On April 21, 1994, I escaped from Goražde with my family, swimming for nearly an hour in the dark of night in the icy river Drina, to freedom.

Settling in Visegrad, Bosnia, I completed high school. I remained prisoner to memories of fear, starvation, and humiliation. I thought revenge was the answer. After a close encounter with a man who had tried to kill my family, I realized that taking this man’s life would turn me in to a monster. The incidence marked the start of my new life.

While searching for job leads in a country with nearly 50 percent unemployment, I was drawn to the peacemaking and community-building initiatives of local youth organizations. Soon, I found myself attending conferences and talking with young Muslims and Croats, as well as Serbs.

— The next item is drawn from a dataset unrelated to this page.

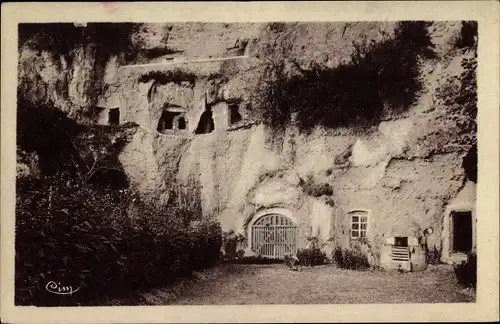 Ak Troo Loir et Cher, Les Montaigus-Rochers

One day, a friend faxed me an application for a program in America, called PeaceTrails. To my amazement, I was one of 36 young Bosnians selected from over 400 candidates. With PeaceTrails, I traveled to Washington, D.C., throughout Minnesota, and parts of Canada. I not only learned about community development, budget proposals, and leadership, but also applied the skills to projects back in Bosnia.

After a year as a participant in the program, I was offered a job. In 2002, my second year of work was rewarded with a trip to Hawaii and California. While in San Francisco, I met with Daniel Whalen, a supporter of PeaceTrails and president of The Whalen Family Foundation. The meeting culminated with the promise of a four-year scholarship to the college of my choice, after completing an intense summer course in speaking, reading, and writing English.

In 2006, I graduated from Saint John’s University in Minnesota, with a double major in history and business management.

I’m currently pursuing Masters Degree in conflict transformation and management at Nelson Mandela Metropolitan University in Port Elizabeth, South Africa. I want to contribute to preventing the kind of ethnic hatred and destruction I lived through.

I realize that only brave and strong people can put behind years of suffering, reconcile with the past, and move on with life. I wanted to be one of them.

Since letting go of the need for revenge, I have found common bonds with people from all over the world—India, Zimbabwe, Nigeria, Ireland, Trinidad, South Africa, and, of course, America. The education and my new friends opened my mind to different perspectives, helping me grow, and persuading me to write about my wartime experience.

The result is my first book, NOT MY TURN TO DIE: Memoirs of a Broken Childhood in Bosnia (AMACOM, March 2008).